A campaign to have third-level postgraduate fees abolished is to be initiated within weeks by a group of student organisations.
A conference on the issue, involving postgraduate student groups from several third-level institutions, will be held at the University of Limerick at the end of this month.
Afterwards, a new organisation will be formed seeking to change the policy of the Department of Education, which has refused to drop fees for postgraduates. The new group will have little connection with existing student bodies.
The students are hoping to build up the kind of campaign that resulted in the previous minister for education, Ms Niamh Bhreathnach, abolishing undergraduate fees in all State-funded third-level institutions.
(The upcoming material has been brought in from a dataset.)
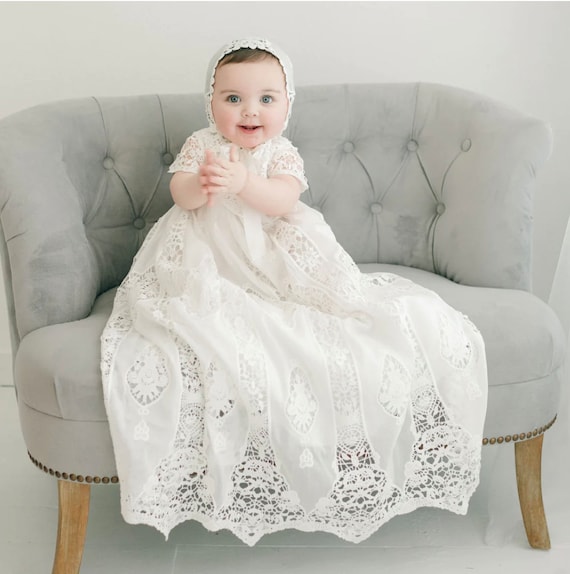 White Lace Baptism Dress, Christening Dress, Vintage Style Lace With  Matching Lace Bonnet. Perfect for Spring or Summer. Flowergirl Dress. - Etsy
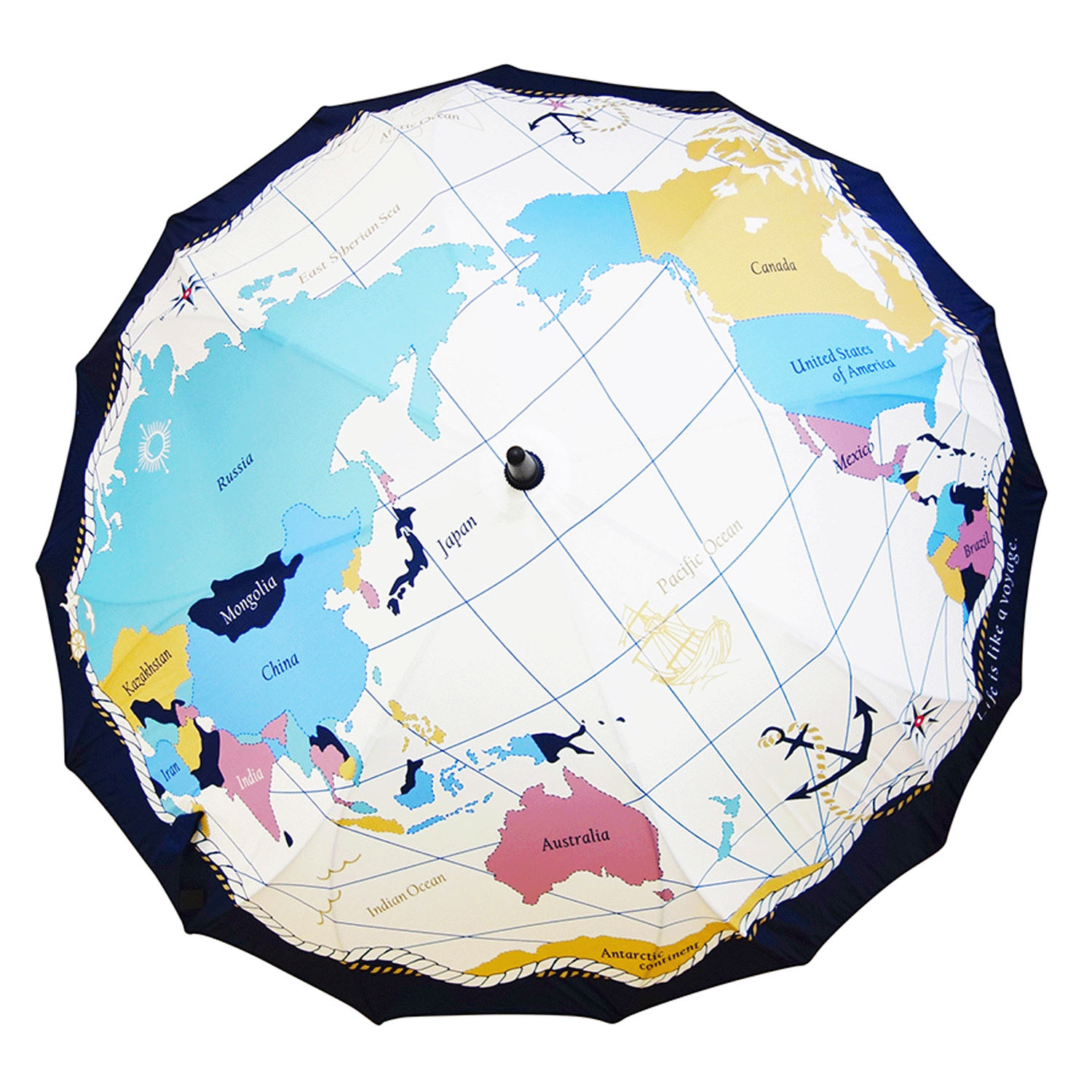 【damonde】ダモンデ 一枚張り長傘 マリン地図 - 画像2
The Postgraduate Students' Association at the University of Limerick is organising the conference in an attempt to "formulate a national response" to developments in the third-level sector. The group hopes to receive backing from adult education and business organisations. The announcement last week that the Expert Group on Future Skills Needs is to look at adult education provision, including fees, would be a worthwhile exercise only if the issue of fees for postgraduates was also looked at, said Mr Niall Dunphy, president of the University of Limerick's Postgraduate Students' Association.
"Any proposal to abolish fees should, as a matter of urgency, include postgraduate students," he said.
Since undergraduate fees were abolished, postgraduate fees had risen in almost every institution, he added.
"There is no cap on what the colleges can charge undergraduates, who often have no choice but to take on postgraduate study to get employment." On the expert group's discussions, Mr Dunphy said: "Postgraduate students are the forgotten souls of our education system and ignoring them in any proposal to abolish fees would be divisive and completely unacceptable".
Meanwhile, the Minister of State for Education and Science, Mr Willie O'Dea, who has responsibility for adult education, has said a national body is needed to co-ordinate and develop adult education.
Mr O'Dea is preparing a proposal for Cabinet on adult education. He said the problem with adult education was its "unregulated nature" where there was "no co-ordination and no central direction".